In conclusion, these attacks should make us more humble. They show us that, although we have made great scientific progress, there is still a lot of work to be done.”
Examples of attacks
One of the most famous examples is the one aimed at AlexNet, an architecture of convolutional neural networks. You don’t notice it, and that’s normal, but all the images you can see to the right of the first image are classified as ostriches. This is because of the addition of imperceptible noise to the input data.
As you can see, it doesn’t take much to fool some neural networks. As little as the change of a single pixel can be enough. This is the principle of the so-called “One Pixel Attack”. This leads to a horse, which is also quickly classified as a frog, as in the second example.

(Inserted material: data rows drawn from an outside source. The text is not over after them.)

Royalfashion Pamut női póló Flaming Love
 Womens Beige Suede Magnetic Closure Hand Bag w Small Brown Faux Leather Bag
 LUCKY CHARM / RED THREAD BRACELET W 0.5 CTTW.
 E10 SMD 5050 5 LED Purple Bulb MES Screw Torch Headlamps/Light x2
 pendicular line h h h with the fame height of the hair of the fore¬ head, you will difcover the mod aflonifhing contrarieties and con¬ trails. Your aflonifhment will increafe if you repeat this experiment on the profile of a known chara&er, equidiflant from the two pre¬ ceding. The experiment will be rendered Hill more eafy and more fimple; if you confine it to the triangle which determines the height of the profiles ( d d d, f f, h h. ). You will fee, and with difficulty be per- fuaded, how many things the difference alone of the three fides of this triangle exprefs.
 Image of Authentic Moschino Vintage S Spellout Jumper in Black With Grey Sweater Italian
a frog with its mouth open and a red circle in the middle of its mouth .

Some attacks take place in the physical world, thanks to stickers. These stickers placed next to the object to be classified force the model to ignore it. The latter is thus classified as something else, namely a toaster in this example. If we were to qualify this attack among the different types mentioned in the previous section, we can say that in addition to being targeted, it is also robust and universal. This type of sticker is directly printable from the original paper. At the time, it was even possible to buy them on Amazon. Beyond stickers, T-shirts were even produced with the design. When a person wore it, it was systematically ignored by the algorithm.
While these examples may seem trivial, these attacks could have much more serious implications. Let’s take the example of the autonomous vehicle. In order to integrate the traffic rules in force, it is necessary to read the signs. However, a simple sticker placed on a speed limit sign can lead to a misclassification of the sign. An autonomous car could then end up driving at 110 km/h instead of 50. The consequences would be disastrous, not to mention that an accident is inevitable..
How to fend them off?
While some defenses have been developed, none are proven enough to become universal. A research paper titled “Adversarial Examples Are Not Easily Detected: Bypassing Ten Detection Methods” published in 2017 reviews ten defense methods. If you thought these were effective, you are actually wrong. The paper demonstrates that it is easy to bypass the defense method once you know which one is applied. Since all the defenses are widely known, it is possible to use a brute force method to defeat the one that is used.
In the end, only one defense remains today: adversarial training. This method consists in adding adversarial examples recursively during training. The model is trained to recognize both the image and its adversarial example. This allows the model to classify these examples and to become immune to certain attacks. However, this technique is not without its flaws. In addition to being quite resource-intensive, it slows down the training phase considerably. It also only works on small images and can cause overfitting problems.
The research field is very active and new methods will quickly replace the old ones. The efforts will be reinforced by the massive awareness of the existing security flaws in the algorithms.